Assignment –
Take the data below and extract the lines from the one with "Crystal Cherry Drop Necklace" to the one with "定制婚庆不锈钢铁艺镂空鲸鱼雕塑悬挂编织海洋动物摆件大厅装饰品", inclusive, exactly as written.

**** Material supplied ****

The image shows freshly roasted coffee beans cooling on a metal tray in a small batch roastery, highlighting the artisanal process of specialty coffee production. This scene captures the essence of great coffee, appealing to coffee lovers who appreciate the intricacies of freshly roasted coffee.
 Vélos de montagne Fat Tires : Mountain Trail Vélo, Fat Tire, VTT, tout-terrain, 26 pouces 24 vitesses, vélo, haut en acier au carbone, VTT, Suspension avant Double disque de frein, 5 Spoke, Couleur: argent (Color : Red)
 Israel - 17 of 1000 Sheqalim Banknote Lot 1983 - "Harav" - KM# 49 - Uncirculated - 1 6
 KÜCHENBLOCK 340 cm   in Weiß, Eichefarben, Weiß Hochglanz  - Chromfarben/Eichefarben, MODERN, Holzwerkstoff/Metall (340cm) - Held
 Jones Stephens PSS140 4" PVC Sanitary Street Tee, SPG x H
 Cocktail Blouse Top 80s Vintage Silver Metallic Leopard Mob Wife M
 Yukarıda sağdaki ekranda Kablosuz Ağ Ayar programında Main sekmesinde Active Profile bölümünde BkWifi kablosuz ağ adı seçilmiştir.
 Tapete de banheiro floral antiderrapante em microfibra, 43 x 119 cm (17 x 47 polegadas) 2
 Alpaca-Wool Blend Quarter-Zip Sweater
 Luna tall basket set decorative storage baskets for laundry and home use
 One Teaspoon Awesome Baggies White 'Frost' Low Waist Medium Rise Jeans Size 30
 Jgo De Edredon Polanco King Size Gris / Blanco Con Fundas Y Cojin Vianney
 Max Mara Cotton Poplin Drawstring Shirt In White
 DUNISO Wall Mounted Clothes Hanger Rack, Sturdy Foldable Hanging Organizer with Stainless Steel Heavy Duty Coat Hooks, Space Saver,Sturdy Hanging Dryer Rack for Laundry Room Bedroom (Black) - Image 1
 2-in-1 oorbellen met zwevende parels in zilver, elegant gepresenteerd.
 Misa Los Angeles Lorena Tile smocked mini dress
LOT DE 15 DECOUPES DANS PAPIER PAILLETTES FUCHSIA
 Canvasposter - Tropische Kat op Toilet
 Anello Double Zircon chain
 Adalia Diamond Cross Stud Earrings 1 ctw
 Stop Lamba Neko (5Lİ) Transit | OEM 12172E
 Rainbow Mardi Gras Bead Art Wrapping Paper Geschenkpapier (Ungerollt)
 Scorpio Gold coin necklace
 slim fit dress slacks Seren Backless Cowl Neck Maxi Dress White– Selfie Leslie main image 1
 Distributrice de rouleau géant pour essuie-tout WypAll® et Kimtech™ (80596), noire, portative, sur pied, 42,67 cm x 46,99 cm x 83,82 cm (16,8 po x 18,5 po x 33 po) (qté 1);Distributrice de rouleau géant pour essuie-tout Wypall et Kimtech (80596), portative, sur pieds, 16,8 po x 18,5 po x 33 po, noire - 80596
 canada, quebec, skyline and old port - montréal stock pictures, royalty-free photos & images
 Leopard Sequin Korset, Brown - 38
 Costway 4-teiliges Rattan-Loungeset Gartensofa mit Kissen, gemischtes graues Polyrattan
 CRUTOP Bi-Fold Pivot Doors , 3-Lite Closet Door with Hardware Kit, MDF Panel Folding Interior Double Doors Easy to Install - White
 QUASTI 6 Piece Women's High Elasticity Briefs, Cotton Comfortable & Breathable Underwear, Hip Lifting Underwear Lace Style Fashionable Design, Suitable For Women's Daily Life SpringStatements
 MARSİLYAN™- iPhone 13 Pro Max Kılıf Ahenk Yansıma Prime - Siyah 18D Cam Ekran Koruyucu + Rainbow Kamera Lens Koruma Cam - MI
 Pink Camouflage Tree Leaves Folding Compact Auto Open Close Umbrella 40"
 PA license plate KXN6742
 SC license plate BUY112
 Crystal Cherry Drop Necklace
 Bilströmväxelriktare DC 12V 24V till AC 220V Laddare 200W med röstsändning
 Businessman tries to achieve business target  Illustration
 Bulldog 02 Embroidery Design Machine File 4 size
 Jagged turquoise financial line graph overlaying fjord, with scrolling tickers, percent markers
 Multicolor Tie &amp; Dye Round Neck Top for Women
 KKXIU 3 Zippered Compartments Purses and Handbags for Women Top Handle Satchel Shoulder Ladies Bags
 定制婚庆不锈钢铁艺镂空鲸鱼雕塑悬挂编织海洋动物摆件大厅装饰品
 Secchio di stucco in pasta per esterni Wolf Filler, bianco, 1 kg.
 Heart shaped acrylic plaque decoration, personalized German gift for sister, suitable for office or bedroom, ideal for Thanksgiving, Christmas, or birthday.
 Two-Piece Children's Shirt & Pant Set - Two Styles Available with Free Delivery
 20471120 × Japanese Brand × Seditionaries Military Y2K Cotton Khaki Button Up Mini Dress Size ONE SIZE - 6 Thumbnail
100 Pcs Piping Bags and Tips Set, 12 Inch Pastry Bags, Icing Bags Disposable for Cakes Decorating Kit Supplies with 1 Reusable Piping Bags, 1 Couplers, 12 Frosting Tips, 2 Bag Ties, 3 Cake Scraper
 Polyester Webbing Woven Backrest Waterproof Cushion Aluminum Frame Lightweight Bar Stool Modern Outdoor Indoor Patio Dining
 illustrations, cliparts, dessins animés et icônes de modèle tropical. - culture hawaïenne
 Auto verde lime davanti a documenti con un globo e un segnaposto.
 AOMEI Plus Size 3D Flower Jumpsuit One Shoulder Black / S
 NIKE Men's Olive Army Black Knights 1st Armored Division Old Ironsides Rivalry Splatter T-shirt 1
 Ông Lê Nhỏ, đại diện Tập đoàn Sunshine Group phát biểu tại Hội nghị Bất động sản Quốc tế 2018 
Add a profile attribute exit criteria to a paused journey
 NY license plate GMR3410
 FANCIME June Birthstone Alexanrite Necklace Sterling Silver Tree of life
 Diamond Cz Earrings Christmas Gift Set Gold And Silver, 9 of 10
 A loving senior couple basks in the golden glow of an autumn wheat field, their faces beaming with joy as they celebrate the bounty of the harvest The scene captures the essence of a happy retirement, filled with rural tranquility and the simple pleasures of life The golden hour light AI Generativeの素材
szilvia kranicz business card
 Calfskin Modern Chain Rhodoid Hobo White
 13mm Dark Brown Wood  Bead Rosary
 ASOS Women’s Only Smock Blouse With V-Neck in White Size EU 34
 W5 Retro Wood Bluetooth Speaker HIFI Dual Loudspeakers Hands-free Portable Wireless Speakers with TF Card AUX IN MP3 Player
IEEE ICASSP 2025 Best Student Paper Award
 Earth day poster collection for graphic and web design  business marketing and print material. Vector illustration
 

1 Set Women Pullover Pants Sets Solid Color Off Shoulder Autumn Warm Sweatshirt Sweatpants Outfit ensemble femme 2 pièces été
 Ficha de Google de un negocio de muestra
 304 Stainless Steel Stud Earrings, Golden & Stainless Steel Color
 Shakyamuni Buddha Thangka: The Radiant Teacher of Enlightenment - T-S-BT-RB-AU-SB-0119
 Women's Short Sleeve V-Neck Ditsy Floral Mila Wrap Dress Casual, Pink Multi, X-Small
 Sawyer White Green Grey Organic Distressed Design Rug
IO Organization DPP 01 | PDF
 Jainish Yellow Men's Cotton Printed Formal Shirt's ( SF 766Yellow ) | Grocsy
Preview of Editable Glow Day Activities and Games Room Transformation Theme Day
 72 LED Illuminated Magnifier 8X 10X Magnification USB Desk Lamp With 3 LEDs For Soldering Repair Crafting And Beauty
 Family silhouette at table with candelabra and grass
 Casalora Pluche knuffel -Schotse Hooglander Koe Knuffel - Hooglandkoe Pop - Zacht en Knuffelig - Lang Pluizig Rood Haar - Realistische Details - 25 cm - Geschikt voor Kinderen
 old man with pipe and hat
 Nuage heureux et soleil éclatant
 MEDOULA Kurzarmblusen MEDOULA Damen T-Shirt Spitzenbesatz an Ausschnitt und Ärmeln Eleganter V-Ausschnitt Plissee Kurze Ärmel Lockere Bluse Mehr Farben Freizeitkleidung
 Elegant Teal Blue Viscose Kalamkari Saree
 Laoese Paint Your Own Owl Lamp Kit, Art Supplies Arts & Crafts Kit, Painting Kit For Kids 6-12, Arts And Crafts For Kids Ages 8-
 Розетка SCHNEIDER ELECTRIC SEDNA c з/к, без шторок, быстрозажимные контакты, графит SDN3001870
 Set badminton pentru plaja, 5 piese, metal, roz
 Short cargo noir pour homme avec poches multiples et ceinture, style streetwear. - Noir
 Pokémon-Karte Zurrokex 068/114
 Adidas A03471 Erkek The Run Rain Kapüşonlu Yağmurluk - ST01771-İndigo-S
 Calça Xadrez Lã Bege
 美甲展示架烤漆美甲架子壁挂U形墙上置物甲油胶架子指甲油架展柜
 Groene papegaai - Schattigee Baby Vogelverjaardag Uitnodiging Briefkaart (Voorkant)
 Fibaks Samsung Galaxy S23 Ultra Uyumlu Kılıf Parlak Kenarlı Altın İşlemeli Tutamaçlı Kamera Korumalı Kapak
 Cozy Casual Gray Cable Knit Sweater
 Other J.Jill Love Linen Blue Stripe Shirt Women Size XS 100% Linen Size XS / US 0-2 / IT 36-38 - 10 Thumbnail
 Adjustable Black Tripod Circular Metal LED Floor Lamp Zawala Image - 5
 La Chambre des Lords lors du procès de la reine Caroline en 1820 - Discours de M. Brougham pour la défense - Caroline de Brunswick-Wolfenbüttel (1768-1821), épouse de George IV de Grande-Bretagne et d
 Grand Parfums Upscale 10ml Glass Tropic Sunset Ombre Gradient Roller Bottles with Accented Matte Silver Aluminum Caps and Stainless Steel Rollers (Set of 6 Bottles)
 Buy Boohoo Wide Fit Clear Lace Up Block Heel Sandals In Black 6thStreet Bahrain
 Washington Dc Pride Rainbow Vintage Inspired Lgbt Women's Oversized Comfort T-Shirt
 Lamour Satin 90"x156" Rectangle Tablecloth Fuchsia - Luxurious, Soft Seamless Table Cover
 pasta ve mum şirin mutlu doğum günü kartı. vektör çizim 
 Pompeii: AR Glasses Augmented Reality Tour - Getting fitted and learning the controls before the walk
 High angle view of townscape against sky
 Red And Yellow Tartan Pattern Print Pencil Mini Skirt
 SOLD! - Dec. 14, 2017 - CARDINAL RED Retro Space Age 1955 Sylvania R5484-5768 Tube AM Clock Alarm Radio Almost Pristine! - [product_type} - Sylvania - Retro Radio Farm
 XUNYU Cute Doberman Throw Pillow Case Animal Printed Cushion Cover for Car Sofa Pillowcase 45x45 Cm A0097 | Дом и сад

****

Output for this task –
 Crystal Cherry Drop Necklace
 Bilströmväxelriktare DC 12V 24V till AC 220V Laddare 200W med röstsändning
 Businessman tries to achieve business target  Illustration
 Bulldog 02 Embroidery Design Machine File 4 size
 Jagged turquoise financial line graph overlaying fjord, with scrolling tickers, percent markers
 Multicolor Tie &amp; Dye Round Neck Top for Women
 KKXIU 3 Zippered Compartments Purses and Handbags for Women Top Handle Satchel Shoulder Ladies Bags
 定制婚庆不锈钢铁艺镂空鲸鱼雕塑悬挂编织海洋动物摆件大厅装饰品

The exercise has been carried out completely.